Lecturer (Assistant Prof) in Economics at the University of Essex
Research Associate at the Institute for Fiscal Studies.
My research interest is in macro-labour.
In my job market paper, I find that postgraduate degree holders experience lower cyclical wage variation than those with undergraduate degrees. Moreover, postgraduates have more firm-specific human capital than their undergraduate degree-holding counterparts. Using an equilibrium search model with long-term contracts and imperfect monitoring of workers’ efforts, this paper attributes the cyclicality of the postgraduate-undergraduate wage gap to the differences in firm-specific human capital. Imperfect monitoring creates a moral hazard problem that requires firms to pay efficiency wages. On the other hand, more specific capital leads to lower mobility, thereby increasing both the effectiveness and the marginal cost of providing incentives for workers’ efforts. As firms face the trade-off between insurance and incentives, it becomes optimal for them to provide more insurance than more incentives.
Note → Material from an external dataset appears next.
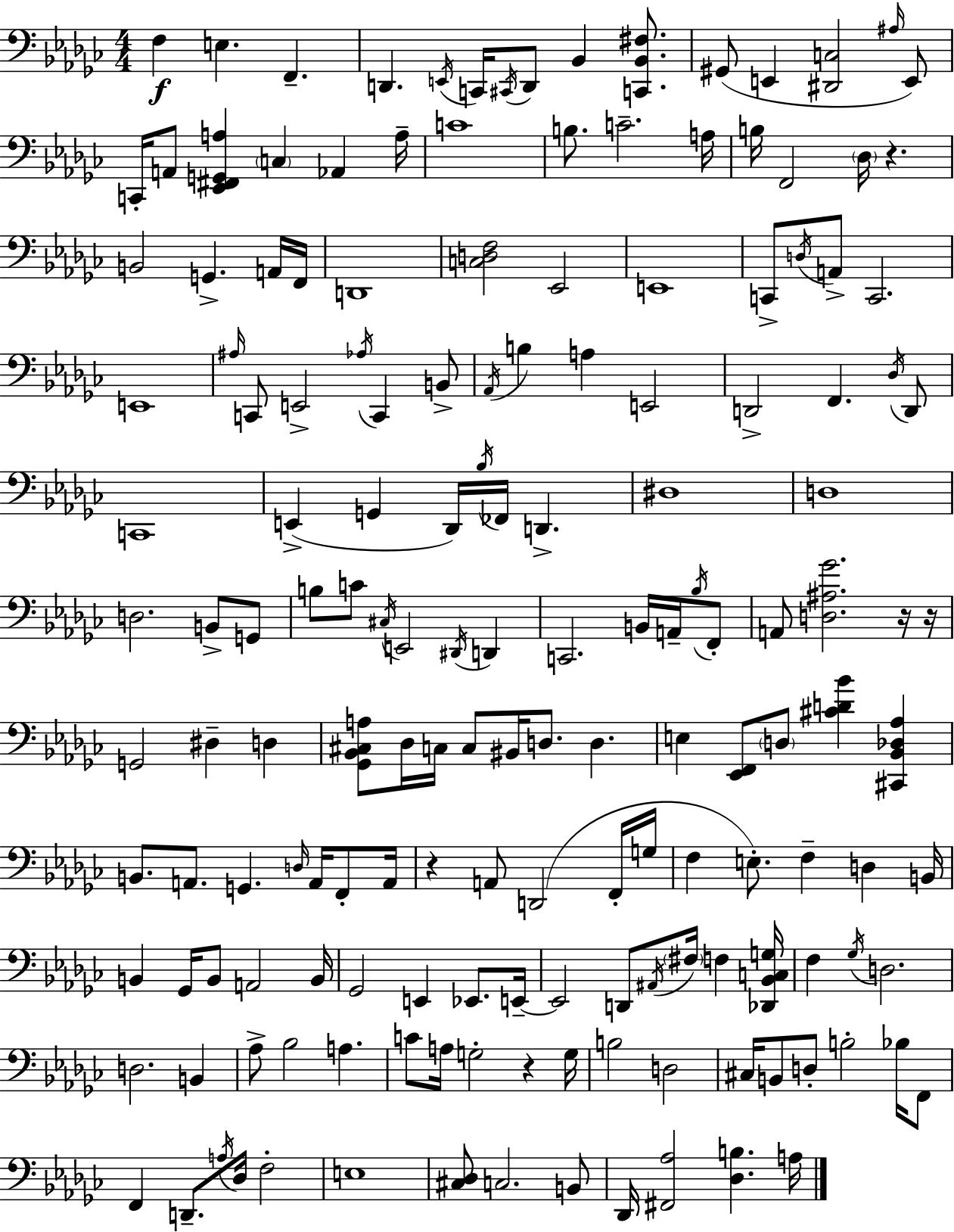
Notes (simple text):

Estimates reveal that specific capital explains the differences both in labour turnover and in wage cyclicality across education groups.
In my other research papers:
- We quantify the lemon’s problem in the quality of second-hand cars using Danish administrative data and study its implications for transactions and consumption smoothing.
- I study how the level of unemployment insurance changes labour force participation behaviour over the business cycle.